If the Dee is at one, inexplicable, end of the salmon fortunes for 2015, the smaller northern rivers were, again inexplicably, at the other end, for instance the Naver catching 1,935, far higher than its 10 year average of 1,458, likewise the neighbouring Thurso which caught 1,791 (against its 10 year average of 1,657).
So 2015 presents us with a mixed bag for our rivers, a few very good, some average or below, and the rest pretty poor.
As Andrew Wallace points out in the joint ASFB/RAFTS (Strutt & Parker sponsored) 2016 Report, the concern for us all is that “Scotland has fired its last practical shot in the locker for controlling salmon exploitation, and, like the Bank of England with interest rates, has run out of options to deal with that impact”.
In other words, our consistent response over the last 30 years to decreasing salmon runs has been both to reduce netting (now in 2016 down to negligible amount compared to previous decades) and for the rods themselves to kill little or nothing (84% of the total 2015 catch was released by the rods).
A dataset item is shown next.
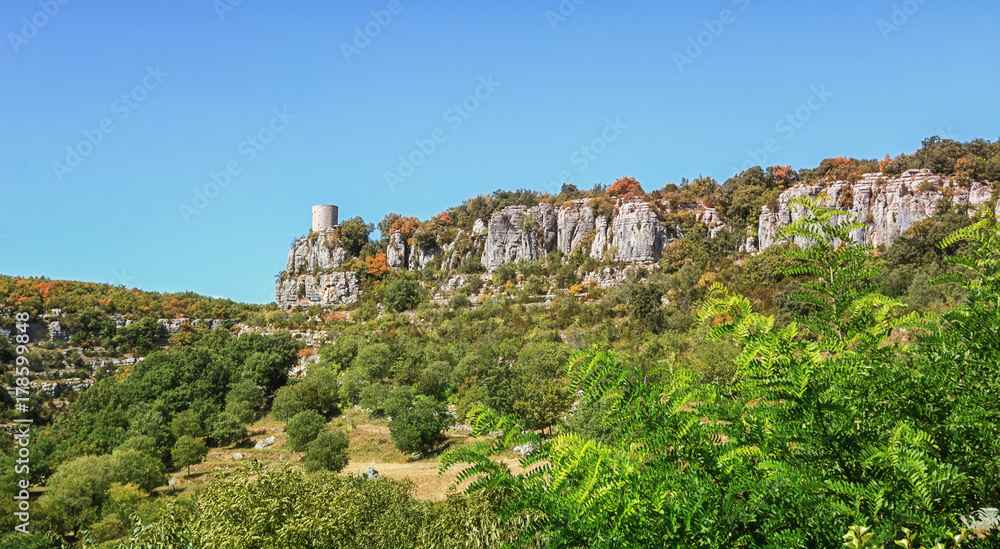 Tower near the village of Balazuc in the Ardeche region of France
Having done all that, and if salmon runs either do not recover as they should or, worse still, continue to decline, what do we, or, more relevantly, what can we, do next?
“The problems must be in the sea” I hear you cry, because the river environment in most of our rivers is (arguably) more favourable towards smolt survival now (pisciverous birds excepted, perhaps) than it has ever been.
If that assumption is correct, the challenges, so far wholly unsolved, are not only (a) to identify what it is that is going wrong in the sea, but (b) in the ocean vastnesses, on a different scale to the more accessible and benign river environment, can we ever, affordably, influence whatever it is that is going wrong there?
As some bloke in Stratford almost said, over 400 years ago…….
“ in the sea, or not in the sea, that is the question.”